Compound 4 (Phomoarcherin B) is a natural compound found in the endophytic fungus Phomopsis archeri, and it was first isolated and characterized as a pentacyclic aromatic sesquiterpene via spectroscopic analysis by Hemtasin et al. [61]. They were tested for antimalarial activity against Plasmodium falciparum and anticancer activities against cholangiocarcinoma cell lines. Bedi et al. (62) also stated the anticancer activity, whereas no in vitro or in vivo assay was performed regarding its antiviral or RNase H inhibitory activity. As known, major antiretroviral drugs cannot penetrate through the blood-brain barrier, which reduces their efficiency against HIV in the brain and results in the formation of reservoirs [62]. As shown in Table 5, Phomoarcherin B can penetrate the blood-brain barrier, increasing its drug-candidate potential. However, further in vitro assays and clinical trials are needed to confirm its pharmaceutical potential as an HIV-1 RNase H inhibitor.

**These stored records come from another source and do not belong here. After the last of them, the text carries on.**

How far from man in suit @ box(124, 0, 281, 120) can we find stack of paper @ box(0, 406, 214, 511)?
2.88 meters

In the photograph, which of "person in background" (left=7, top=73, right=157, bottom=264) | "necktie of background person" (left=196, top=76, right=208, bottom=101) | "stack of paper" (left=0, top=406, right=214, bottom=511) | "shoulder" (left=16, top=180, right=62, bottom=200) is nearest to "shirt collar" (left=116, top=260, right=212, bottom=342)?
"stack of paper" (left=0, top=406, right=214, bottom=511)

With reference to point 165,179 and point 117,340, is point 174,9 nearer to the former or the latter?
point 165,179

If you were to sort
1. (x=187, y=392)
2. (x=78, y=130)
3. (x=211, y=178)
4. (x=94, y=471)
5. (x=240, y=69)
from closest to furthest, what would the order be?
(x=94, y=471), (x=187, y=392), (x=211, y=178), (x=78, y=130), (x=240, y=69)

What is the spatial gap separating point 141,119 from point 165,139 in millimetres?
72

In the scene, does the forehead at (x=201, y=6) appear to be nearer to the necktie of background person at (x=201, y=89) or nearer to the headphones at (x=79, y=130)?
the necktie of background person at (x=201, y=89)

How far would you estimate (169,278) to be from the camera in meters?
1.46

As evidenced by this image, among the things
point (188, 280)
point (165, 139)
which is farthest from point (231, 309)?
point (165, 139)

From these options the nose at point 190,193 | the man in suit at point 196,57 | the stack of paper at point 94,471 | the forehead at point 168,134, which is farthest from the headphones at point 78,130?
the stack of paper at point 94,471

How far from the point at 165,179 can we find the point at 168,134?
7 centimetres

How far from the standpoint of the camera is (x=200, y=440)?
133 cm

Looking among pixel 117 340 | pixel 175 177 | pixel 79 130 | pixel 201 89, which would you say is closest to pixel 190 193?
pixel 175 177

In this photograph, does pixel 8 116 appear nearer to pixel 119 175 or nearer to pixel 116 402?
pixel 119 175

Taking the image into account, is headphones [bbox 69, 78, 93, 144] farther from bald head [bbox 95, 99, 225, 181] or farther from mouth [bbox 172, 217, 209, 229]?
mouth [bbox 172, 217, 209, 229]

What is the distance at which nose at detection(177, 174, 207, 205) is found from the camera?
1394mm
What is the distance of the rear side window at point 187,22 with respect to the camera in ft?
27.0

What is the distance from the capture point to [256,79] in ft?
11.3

We suggest that the additional docking studies of Phomoarcherin B with FIV and monomeric reverse transcriptase of MLV belong to the Retroviridae family and RNase H of Bacteriophage T4, which belongs to Myoviridae family, have also provided promising results. Moreover, assumed anti-RNase H activity will provide more knowledge on the effect of Phomoarcherin B with additional in vitro and in vivo studies (details provided in Supplementary Data 9, Supplementary Data 10, and Supplementary Data 11) (Fig. 5). However, we should stress that computational studies are not sufficient alone to show the inhibitory effect of our suggested candidate compound. Even the affinity of Phomoarcherin B to nucleic acid could be higher than the other three compounds over the active site. We also need some experimental studies and future works for validation.

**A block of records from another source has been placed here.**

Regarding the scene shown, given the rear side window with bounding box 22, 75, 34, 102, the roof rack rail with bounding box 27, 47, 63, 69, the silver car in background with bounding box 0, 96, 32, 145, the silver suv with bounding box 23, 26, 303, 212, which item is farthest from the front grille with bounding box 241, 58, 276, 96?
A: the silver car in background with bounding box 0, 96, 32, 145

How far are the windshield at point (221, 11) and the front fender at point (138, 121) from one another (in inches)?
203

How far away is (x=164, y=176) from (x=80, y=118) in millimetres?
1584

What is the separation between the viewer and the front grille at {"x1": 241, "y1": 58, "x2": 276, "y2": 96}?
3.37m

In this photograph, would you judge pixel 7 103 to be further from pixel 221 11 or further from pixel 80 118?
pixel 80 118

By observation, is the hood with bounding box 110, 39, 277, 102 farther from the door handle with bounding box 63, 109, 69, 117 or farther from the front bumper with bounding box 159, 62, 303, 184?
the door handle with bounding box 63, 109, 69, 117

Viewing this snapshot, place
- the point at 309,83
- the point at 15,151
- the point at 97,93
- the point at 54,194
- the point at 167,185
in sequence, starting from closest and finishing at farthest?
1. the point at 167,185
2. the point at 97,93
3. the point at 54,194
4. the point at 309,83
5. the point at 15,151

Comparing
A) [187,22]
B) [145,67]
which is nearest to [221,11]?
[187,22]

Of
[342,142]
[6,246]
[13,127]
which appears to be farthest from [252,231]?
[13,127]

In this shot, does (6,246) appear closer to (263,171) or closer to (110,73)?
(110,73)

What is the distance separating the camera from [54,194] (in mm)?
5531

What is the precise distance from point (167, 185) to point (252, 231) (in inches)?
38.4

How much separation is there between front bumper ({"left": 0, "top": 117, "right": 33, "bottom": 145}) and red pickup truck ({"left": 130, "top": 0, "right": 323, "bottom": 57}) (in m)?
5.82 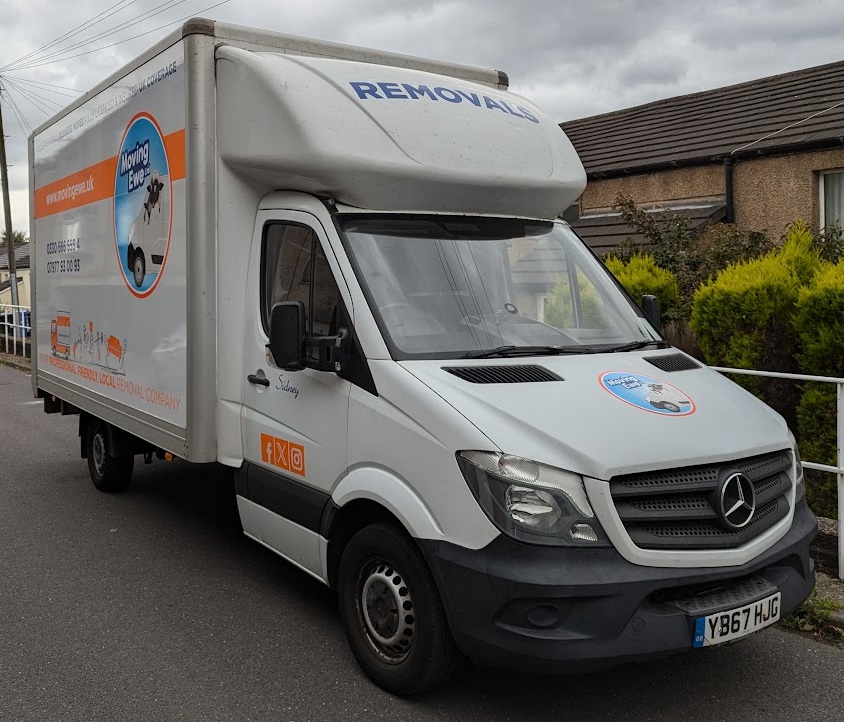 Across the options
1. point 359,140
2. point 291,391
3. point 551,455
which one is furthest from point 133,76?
point 551,455

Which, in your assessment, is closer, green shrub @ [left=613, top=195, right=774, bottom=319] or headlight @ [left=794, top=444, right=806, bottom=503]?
headlight @ [left=794, top=444, right=806, bottom=503]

The results showed the affinity of Phomoarcherin B for a critical target protein with the transmembrane domain of HIV-1 gp41 confirmed by docking server analysis (Supplementary Data 12) (Fig. 8a).

The genetic diversity was explored by selecting the sequences that could represent the whole world's geographical dissemination considering a large-scale pool of HIV-1 sequences. Then, the common longest gene region in the HIV-1 genome was found by MAUVE analysis. Our findings indicated that as a common region, the pol gene encompassed the HIV-1 reverse-transcriptase RNase H enzyme. Afterward, the compounds specific to this region were screened from the database, and four promising candidate compounds were found. Among these molecules, a fungal metabolite of Phomopsis archeri, Phomoarcherin B, was assessed using data mining methods against HIV-1 reverse-transcriptase RNase H. Then, molecular docking and molecular dynamism analyses were carried out to investigate the interaction of this molecule with the HIV-1 reverse-transcriptase enzyme. We have also predicted that as an effective molecule, how n number of Phomoarcherin B molecules inhibits the transmembrane domain of HIV-1 gp41 using computational biology methods. Our studies have shown that Phomoarcherin B can potentially disrupt the HIV-1 replication cycle, suggesting it is a candidate molecule that could be tested in clinical studies.

Author contributions

N.A.G.: formal analysis; writing - original draft preparation. K.K.K.: conceptualization; investigation; formal analysis; funding acquisition; writing – review & editing - original draft preparation. Ö.B.: conceptualization; investigation; formal analysis; writing - original draft preparation. B.E.S.: investigation; formal analysis. R.S.S.: conceptualization; formal analysis; writing - original draft preparation. All authors commented on previous versions and read and approved the final manuscript.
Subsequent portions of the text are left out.